Cache invalidation when you don't control the writes: Debezium + Redis Streams

On a recent project for a client, I ran into a problem that turned out to be more interesting than I expected, so I wanted to write it down and share it as a use case.

The system is a marketplace that lets you search for specialists, see which of them are online right now, and start a chat or a call with them. The part I want to talk about is the “online right now” part, because keeping that both fast and accurate was harder than it sounds. There is also a complete proof of concept that runs locally with a single docker compose command, and I link to the relevant parts of it throughout.

0/9 Starting...

TL;DR

I had to serve a listing that came from older, legacy systems, and it had to be both fast and accurate, without doing a major refactoring of those systems first. Caching made it fast, but the cache kept going stale, because several systems wrote to the data directly and I had no single place to invalidate the cache from.

The approach I took was to stop trying to catch the writes, and instead detect the changes at the database. Debezium reads the MySQL binary log, sends each change to a Redis Stream, and a small background worker reads that stream, recomputes the current state from the database, and updates the cache.

This was built under specific constraints, the main one being that I cannot guard the writes. I describe a cleaner, more ideal solution further down, for the case where you can.

The problem 💲💵

A customer searches for specialists, sees someone listed as online, and starts a session with them — only to find that the specialist is not actually free. That is a frustrating experience for the customer, and from the business side it is a missed session and a missed bit of revenue, from someone who was ready to pay right then. Showing the wrong status has a real cost, so “roughly correct” was not good enough.

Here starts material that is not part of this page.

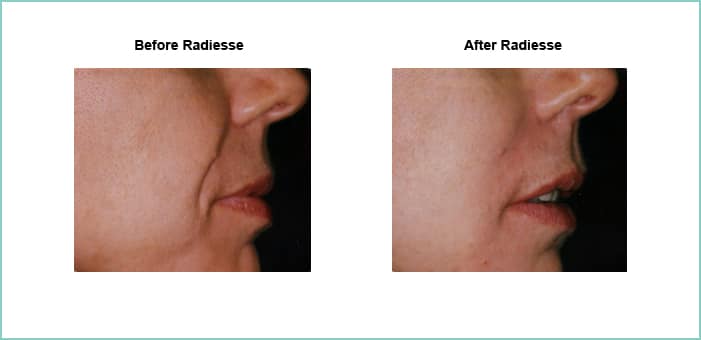 radiesse before and after 2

Reading the live status directly was slow, so the obvious move was to cache it. The difficulty was keeping the cached value correct, because the data did not come from one clean place.

There were several older systems behind it, including an old IVR system and a few legacy applications. They are not versioned well, and some of them write to the database directly. I could not easily change them, and I could not put them all behind a single service yet. So whatever solution I picked had to work around them, not through them.

The first attempt, and why it failed

My first version was simple: I cached the status and refreshed it on a timer. This did not work well. The data was late, often stale, and sometimes simply wrong, because a timer does not know when something actually changed — it only knows that some time has passed. For those few seconds between refreshes, the screen could show someone as online after they had already left, or offline right after they came back.

I could shorten the timer, but that only moved the problem: more load, and still no guarantee. The real issue was that I was guessing when to refresh, instead of knowing.

Why normal cache invalidation did not fit

The usual answer is to invalidate the cache at the moment of the write — when a write happens, you clear or update the cache in the same code path. But that only works if every write goes through code you control, and in my case it did not. Multiple systems wrote to the database, the old IVR system among them, some of them directly, and I could not guarantee that all of them, now and in the future, would call my invalidation logic. The moment one writer skips it, the cache is stale again and nobody notices.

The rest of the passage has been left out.